Islamic women remodel cultural roles through sculptureNovember 8, 1996
Web posted at: 10:30 p.m. EST (0330 GMT)
From Correspondent Walter Rodgers
BEIT RIMA, West Bank (CNN) -- The Palestinian village of Beit Rima is a man's world. Islamic tradition and tribal custom relegate women to lives at home; sermons at their mosque broadcast to the village tell them "Muslim women must be taught to obey God."
But ever since an education center opened in the village, a group of Islamic women is rebelling against the man's world they were born to.
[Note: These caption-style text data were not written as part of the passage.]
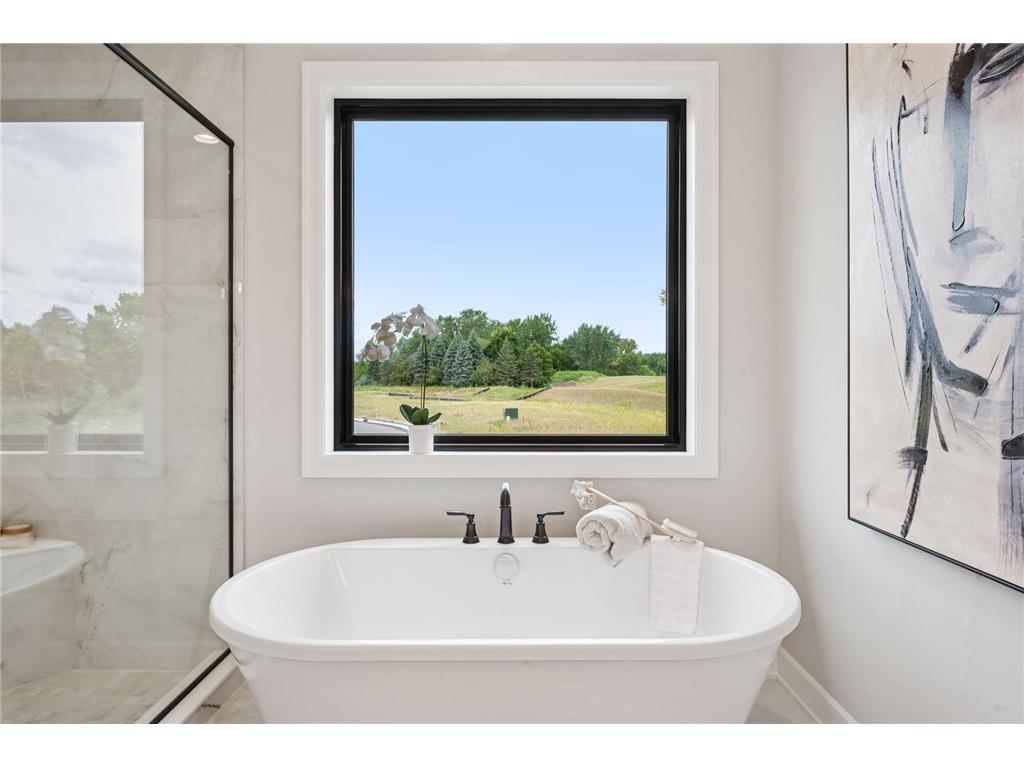 592 Harbor Court Shoreview MN 55126 - Snail 6696454 image27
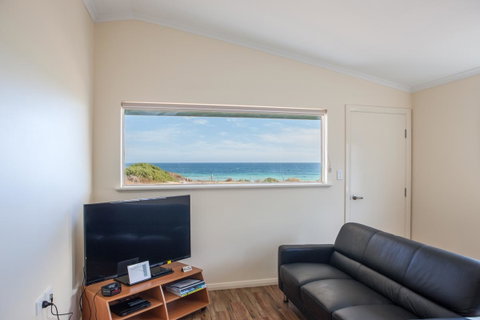Dongara Tourist Park - Holiday Adelaide 27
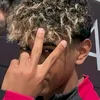 alexischoclo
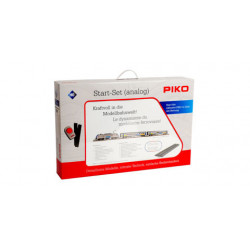 Coffret Piko Ho Grand Est Bb 26000  97944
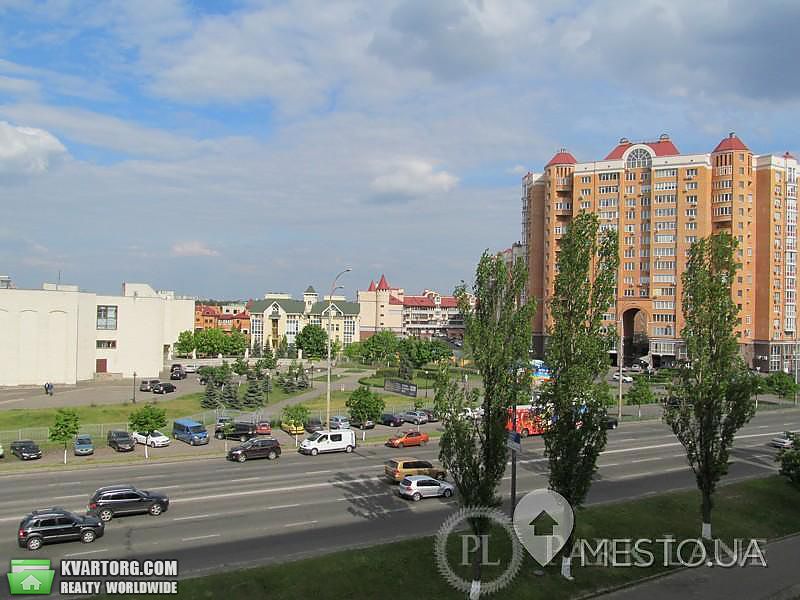 Sell 3-room apartment. Киев, Героев Сталинграда пр — photo 4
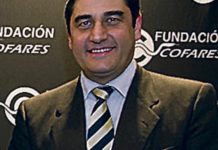 La UCLM vuelve a ser la que tiene un mayor porcentaje de alumnos aprobados en el MIR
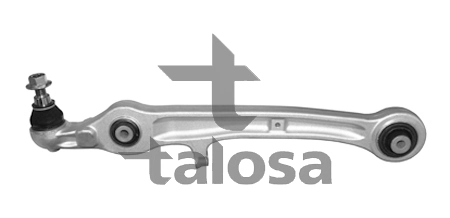 4607142 Talosa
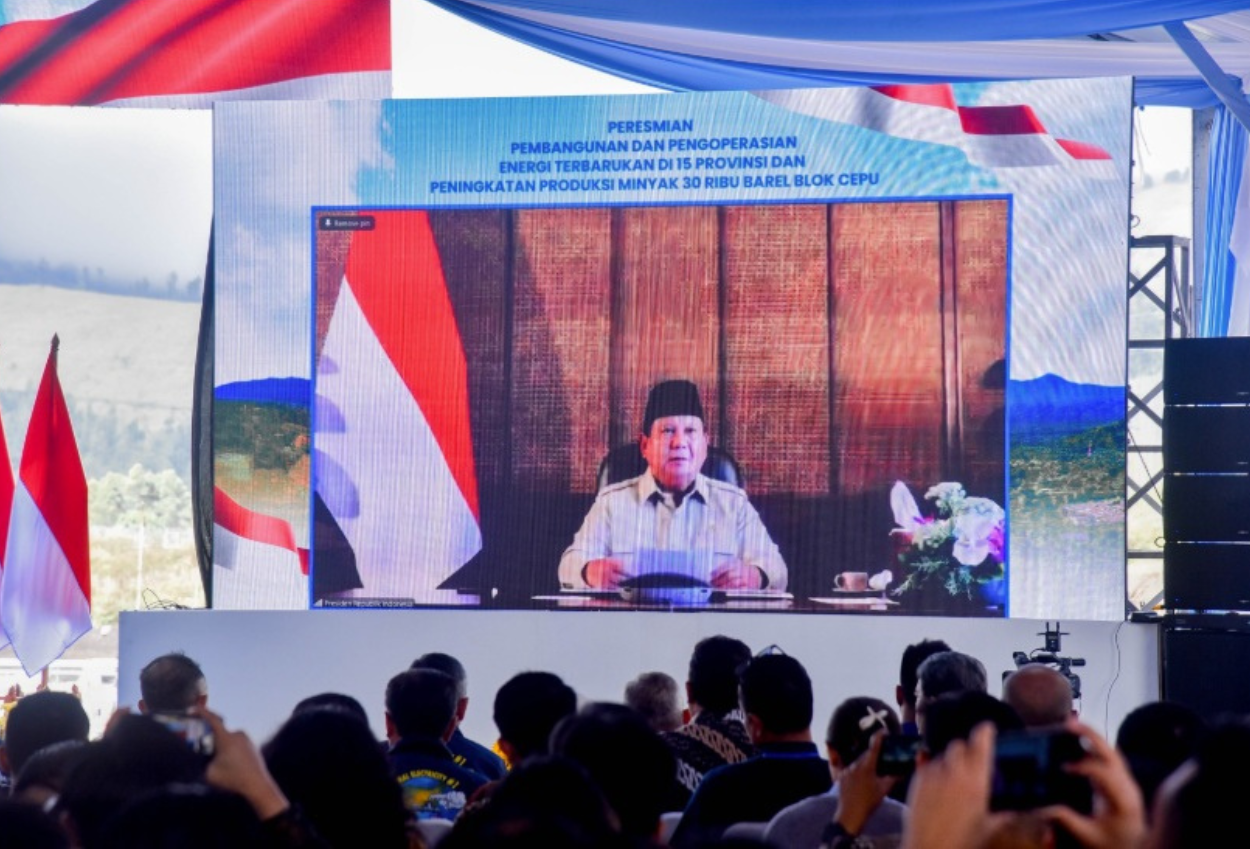 Mpnbagas(1250 x 849 px) mpn 2025 07 01t120917.826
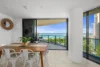 1407/1 Oracle Boulevarde, Broadbeach QLD 4218-Image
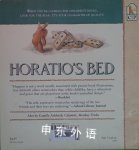 Horatios Bed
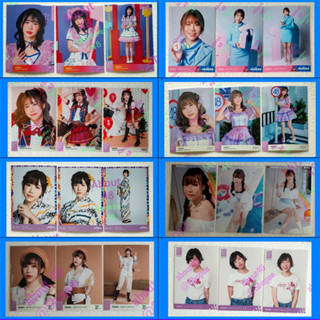 [ แพนด้า BNK48 ] ( Photoset Comp ) สัญญานะ ฤดูใหม่ เดบิวต์ คอมพ์ปก คอมพ์สุ่ม Panda Bnk รุ่น2 (1) คอมพ์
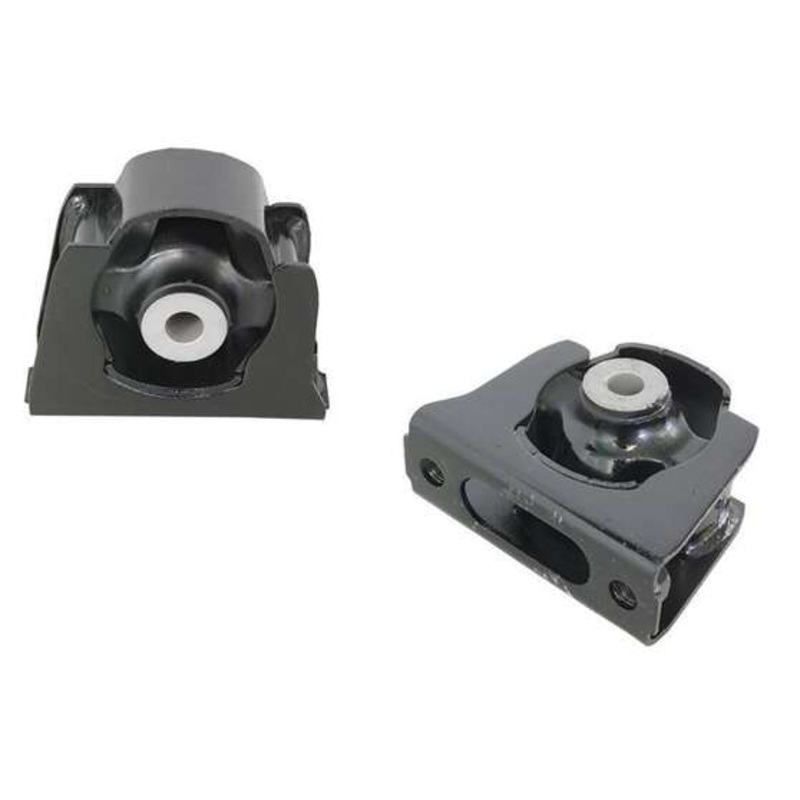 Sterling Engine Mount to suit Toyota Corolla 05/2007 to 11/2013 – EM-TY7750
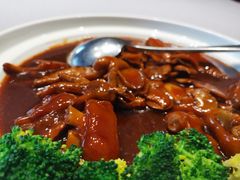 -柴门头啖汤·经典川菜·慢火汤品(锦城万达店)
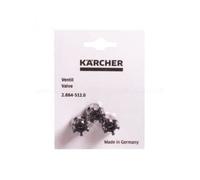 KARCHER 2.884-512.0 Adaptador limpiador de alta presión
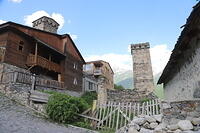 IMG 8714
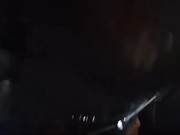 La Matrigna Tettona Ti Fa Sborrare? L’ho fermato prima.. NNN Bocchino saporito, sega e Spagnola 💦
The center teaches women to sculpt, a skill that has Beit Rima's religious leaders up in arms.
"They are doing shapes of the human body, which is forbidden under Islam," a Palestinian Sheikh said through an interpreter. "Making an image of man, even in clay, is to imitate God. Allah will punish them in the Day of Judgment."
Some women at the center came to escape punishment. All are seeking a second chance in life. Each tells a sad story.
Kayan was just 13 when forced to marry by her father. Six months later she produced no child, so her husband divorced her."For a divorced woman, there is no future in village society," Kayan said. She was kept at home, shunned for 12 years, until this sculpture class.
Sahar Amali runs the Adult Education and Rehabilitation Center, which is changing Palestinian women's lives. She says it teaches them that they are more than just machines to make babies. They learn they are somebody, and that they have beauty and self-worth. "It is very hard in the Arab world, and in the Islamic culture, to talk about your own feelings," she said.
"As Palestinians, we don't fight only against the enemy, the national enemy. You will fight against anything in your society who stopped your dream. You will fight to be a free person."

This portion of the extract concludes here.